Entonces, estoy combinando esas dos cosas: por un lado, la historia del
Teatro Cervantes, y por otro lado, la historia de nuestro país, que está
llena de riquezas y de cosas que yo ya he tratado, de alguna manera,
¿no?
¿Le interesan los muralistas mexicanos?
Desde
luego. Para mí son un modelo de cómo quisiera pintar este mural, con un
lenguaje muy popular. El año pasado viajé a México para ver los
trabajos de los muralistas, especialmente de José Clemente Orozco, que
es el que siento más cercano. Le encuentro un parecido con cómo yo trato
la figura, ¿no? Una especie de humor negro, de crítica, que me es
familiar. Y además, con unas soluciones plásticas bastante parecidas a
las mías, sobre la base, más que del color, del dibujo. Es una especie
de gráfica... Cuando se habla de pinturas murales, hay que pensar que
son grandes masas, no hay posibilidad de finuras, de transparencias, de
detalle minucioso. Son espacios grandes, de soluciones... cómo decir...
sencillas. Y los murales de Orozco son prácticamente hechos con tres o
cuatro colores. Es prácticamente gráfica. Una gráfica poderosa, de mucha
convicción personal, de mucha garra, muy jugado, con mucho riesgo.
Cuando
entra Teresa, la mujer de Alonso, para traernos café, reaparece el tema
del cigarrillo, que en realidad nunca se ha ido, siempre ha estado
rondado por ahí, agitando un poco la respiración, los ojos y las manos
del artista, acostumbrados, todos, al contacto con el humo y el tabaco.

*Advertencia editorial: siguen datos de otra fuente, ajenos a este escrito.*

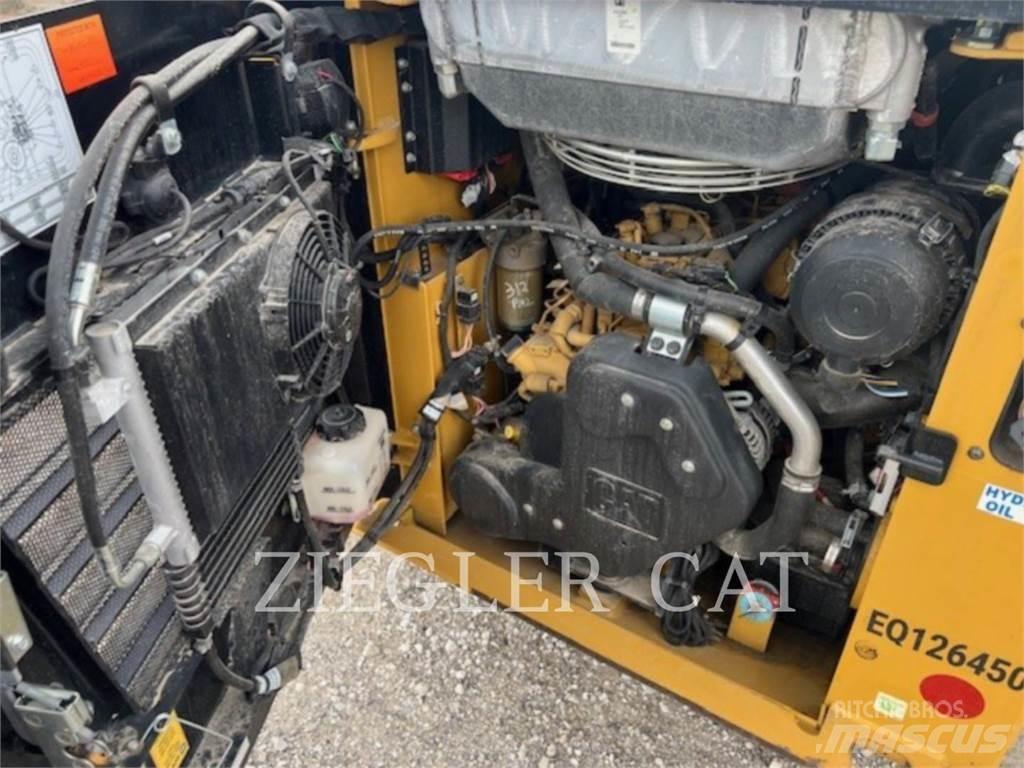 CAT 226D Skid steer mini utovarivači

“Está todo bien, quedate tranquila –le dice, entre risas–. Quiero
decirte que no fumé todavía. El no fuma, así que estamos fenómeno”. Del
muralismo mexicano y el proyecto del Cervantes, la charla deriva quién
sabe cómo al arte que se produce hoy en el mundo.
¿Cómo es su relación con el arte contemporáneo, con el arte de vanguardia?
Tengo
desde el principio una tendencia natural a trabajar a contrapelo. Hace
poco, viendo mi trabajo un poco retrospectivamente, dije bueno, pero
aquí hay una cierta coherencia, una coherencia que no está pensada, que
es un poco, no sé, genética.
Más allá de su voluntad.
Totalmente.
Pero, bueno, eso me hizo ser un autor que estaba de alguna manera a
contrapelo de las corrientes. Es decir, cuando estaba el Di Tella,
nosotros estábamos contra el Di Tella. Quiero decir, no contra,
estábamos dando otra opción, una opción que era mucho más... a la
mexicana, a la pintura social, mientras que el Di Tella era muy yanqui,
muy a la vanguardia, muy pop. Yo estaba además muy convencido de que el
arte tiene que ver con la sociedad, con el hombre, con la persona que
uno es, con la vocación por ciertas militancias.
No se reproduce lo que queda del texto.